For the duration of 2020, COVID-19 was an untreatable disease and largely remains so now. You can get vaccinated, but if you contract COVID-19, the only question is whether you survive it. By the end of 2020, the US had approved remdesivir and monoclonal antibodies as treatments, but I don’t believe they are broadly deployed even today. Given this inability to treat the disease, how do we measure quality of care or efficiency? Alternatively, if neither the quality of care nor the efficiency of its delivery affects the outcome, why do they matter?

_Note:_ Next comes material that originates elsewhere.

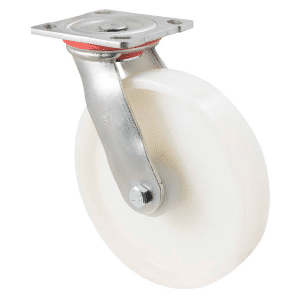 H Series castor, 200mm white nylon wheel, roller bearing, swivel North American (NA) plate, 500 kg load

Responding to your questions:
1. Does the mix of non-profit v. for-profit private providers affect your approximation of health financing ratios? I know that you chose to leave the US out of most of your analysis, but the American health care system is the only one I have studied. According to the Kaiser Family Foundation, in 2019, only 24% of American hospitals were for-profit entities, 57.3% were non-profit entities, and the remainder were government entities (state or federal). Nominally, then, 76% of American hospitals are not driven by the demand for differential accumulation. To be clear, I believe that it can be shown that an increasing number of non-profit hospitals are managed exactly like for-profit hospitals, but the profits are distributed as salaries and bonuses to management, not as dividends to the owners.
2. The explanation and treatment of the quantitative analysis seem comprehensive enough based on your assumptions and the limits you placed on your study. If you had included the US healthcare system in the meat of your results, I probably would have had something to say because I don’t think differential accumulation in US healthcare manifests itself purely as a strategic scarcity (i.e., the most common form of sabotage). In fact, the real scam in US healthcare is price fixing, or more precisely “annual price increase fixing,” between insurers and providers. The whole point of the US healthcare system appears to be transfer what little wealth elderly Americans have to dominant capital (over 60% of all healthcare costs are incurred by people 50 and over).
3. I have some ideas, but they’re probably more relevant to a different study than the current one. That said, to the extent you do discuss U.S. healthcare costs and COVID-19 outcomes, you may consider consider comparing outcomes among the states themselves, as the per capita data for both healthcare costs and COVID-19 deaths are available. Unfortunately, the CMS’s per capita healthcare costs data seems to end in 2014, but newer data seems to be available elsewhere.